Why This Vulnerability Exists

This vulnerability exists because the LLM was granted excessive backend privileges without implementing:

  • Authorization checks
  • Query restrictions
  • API scope limitations
  • Input validation
  • Safe query handling

The chatbot should never have direct unrestricted access to sensitive SQL execution APIs.

Security Risks of Excessive Agency in AI Systems

Improperly configured LLM integrations can lead to severe security issues, including:

  • Remote database manipulation
  • Sensitive data exposure
  • Privilege escalation
  • Account deletion
  • Business logic abuse
  • Full application compromise

As AI-powered applications become more common, developers must carefully control the actions an LLM can perform.
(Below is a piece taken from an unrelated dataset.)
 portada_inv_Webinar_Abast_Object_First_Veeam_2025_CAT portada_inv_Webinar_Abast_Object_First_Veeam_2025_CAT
Best Practices to Prevent LLM API Abuse

To secure AI-integrated applications against excessive agency attacks:

  1. Restrict API Permissions : Grant the LLM only the minimum permissions required.
  2. Implement Authorization Checks : Validate whether users are allowed to trigger sensitive actions.
  3. Avoid Direct SQL Execution: Never expose raw SQL execution APIs to AI systems.
  4. Add Prompt Injection Defenses : Filter and sanitize user-controlled prompts.
  5. Use API Allowlists: Restrict callable APIs to safe operations only.
  6. Monitor AI Actions : Log and monitor all LLM-triggered backend requests.

The “Exploiting LLM APIs with Excessive Agency” lab demonstrates how dangerous it can be to provide AI systems with unrestricted backend access. By abusing the exposed debug_sql API, attackers can execute arbitrary SQL queries and manipulate database contents directly through natural language prompts.

This lab highlights the growing importance of securing AI-powered applications against prompt injection and excessive privilege vulnerabilities. Developers should always enforce strict access controls and carefully limit the capabilities granted to LLMs.